Alegam, com efeito, que é afrontoso que o Espírito de Deus, a quem todas as coisas devem estar sujeitas, seja subordinado à Escritura. Como se, na verdade, isto fosse ignominioso ao Espírito Santo: ser ele por toda parte igual e conforme a si mesmo; permanecer consistente consigo em todas as coisas; em nada variar! De fato, se fosse necessário julgar em conformidade com qualquer norma humana, angélica, ou estranha, então deveria considerar-se que o Espírito estaria reduzido a subordinação; aliás, se agradar mais, até mesmo a servidão. Quando, porém, se compara consigo próprio, quando em si mesmo se considera, quem dirá com isso que ele é impingido com ofensa? Com efeito, confesso que, desta forma, o Espírito é submetido a um exame, contudo um exame através do qual ele quis que sua majestade fosse estabelecida entre nós. Ele deve ser plenamente manifesto assim que nos adentra o coração.

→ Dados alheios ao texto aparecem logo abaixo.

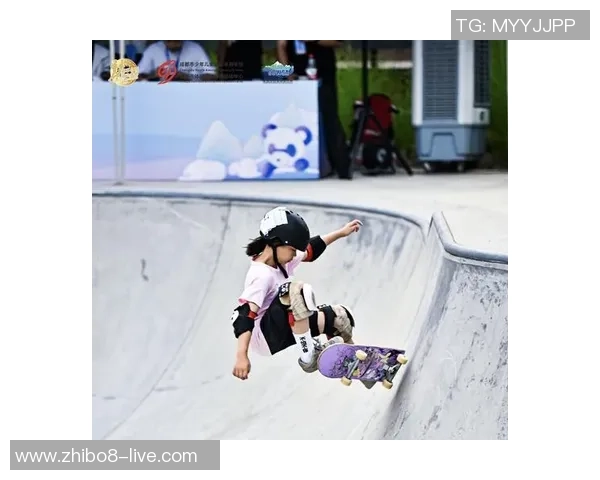 成都滑板队包夹战术革新探秘与实践分享 成都滑板队包夹战术革新探秘与实践分享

Entretanto, para que o espírito de Satanás não se insinue sob o nome do Espírito, ele quer ser por nós reconhecido em sua imagem que imprimiu nas Escrituras. Ele é o autor das Escrituras: não pode padecer variação e inconsistência para consigo mesmo. Portanto, como ali uma vez se manifestou, assim tem ele de permanecer para sempre. Isto não lhe é derrogatório, a não ser, talvez, quando julgamos dever ele abdicar e degenerar sua dignidade.